March 12, 1902 (Wednesday)
- Debreceni VSC, one of the most successful soccer football teams in Hungary, was founded in the Austro-Hungarian city of Debrecen as Egyetértés Futball Club. It would later be renamed for the Debrecen Railway as Debreceni Vasutas Sport Club.
- Died: John Peter Altgeld, 54, American political reformer and former Governor of Illinois, died after suffering a cerebral hemorrhage during a speech
March 13, 1902 (Thursday)
- In Monte Carlo in Monaco, Dr. Ernest Guglielminetti made the first paving of a road with his invention of tar-bound macadam, the spraying of tar onto roads already "Macadamized" by paving with crushed stone, as the first effective method of holding down the amount of dust stirred up by motorized vehicles.
- The cargo ship Reporter was wrecked in San Francisco Bay when it crashed into the wreckage of the King Philip, which had been destroyed 24 years earlier on January 25, 1878.
- Born: Mohammed Abdel Wahab, Egyptian singer; in Cairo
March 14, 1902 (Friday)
- The United States Senate, meeting in executive, closed-door session, unanimously ratified the Hague Peace Conference treaty of 1899.
- Born: Archduke Gottfried of Austria; in Linz
March 15, 1902 (Saturday)
- The Frick Building, built at the behest of industrialist Henry Clay Frick, opened in Pittsburgh, Pennsylvania.

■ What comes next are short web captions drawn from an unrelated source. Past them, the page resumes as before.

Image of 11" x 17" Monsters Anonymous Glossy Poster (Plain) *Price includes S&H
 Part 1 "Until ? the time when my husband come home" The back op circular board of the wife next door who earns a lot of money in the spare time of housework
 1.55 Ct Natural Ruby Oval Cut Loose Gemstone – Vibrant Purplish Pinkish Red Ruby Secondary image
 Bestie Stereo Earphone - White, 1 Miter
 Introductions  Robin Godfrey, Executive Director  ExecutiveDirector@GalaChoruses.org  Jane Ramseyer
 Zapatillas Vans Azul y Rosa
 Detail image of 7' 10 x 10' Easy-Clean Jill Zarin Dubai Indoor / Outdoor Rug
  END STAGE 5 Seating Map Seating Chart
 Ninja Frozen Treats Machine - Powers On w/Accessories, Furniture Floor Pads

At 20 stories and high, it was the tallest building in the city of Pittsburgh and would remain so for more than 55 years until surpassed by the 25-story Hilton Hotel in 1959.
- Born: Carla Porta Musa, Italian essayist and poet; in Como
- Died: Sir Richard Temple, 76, British colonial administrator who worked at alleviating famine in Bombay in the 19th century
March 16, 1902 (Sunday)
- Five remaining members of the crew of the barge Wadena, and seven of their eight rescuers from the Monomoy Station, were drowned in a storm when the rescue barge was capsized by a wave off of the coast of Chatham, Massachusetts.
March 17, 1902 (Monday)
- The court-martial began of U.S. Marine Major Littleton W. T. Waller on charges of murder in the execution of 11 Filipino civilians who had disobeyed orders in the march across Samar. He would be acquitted on April 7.
- Born: Bobby Jones, American golfer; in Atlanta
March 18, 1902 (Tuesday)
- Pope Leo delivered the last papal condemnation of the Freemasons, issuing the encyclical Annum ingressi.
- Joseph Chamberlain, Britain's Colonial Secretary, sent a cable to the Governor General of Canada, the Earl of Minto, asking that Canada commit an additional 2,000 troops to fight alongside the British Army in the Second Boer War. Minto and Canada's Prime Minister Wilfrid Laurier split over whether to honor the British request, but Laurier and his cabinet belatedly committed to supplying the requested men.
- Born: General Siegfried Westphal, German Wehrmacht officer who later served as a prosecution witness at the Nuremberg trials; in Leipzig
- Died: Cadwallader John Bates, 49, English antiquarian and historian, died of a heart attack
March 19, 1902 (Wednesday)
- The Ottoman Empire rejected a demand from the United States for reimbursement for the $72,000 ransom paid to Bulgarian rebels for the release of missionaries Ellen Stone and Katerina Cilka.
- Denmark's Volksthing, the upper house of parliament, voted to ratify the treaty selling the Danish West Indies to the United States.
- The Populist Party, which had been a major American third party to rival the Republicans and Democrats during the 1890s, disbanded by merging back to the Democratic Party. At its height in 1897, the Populists had 22 seats in the House of Representatives and five in the Senate.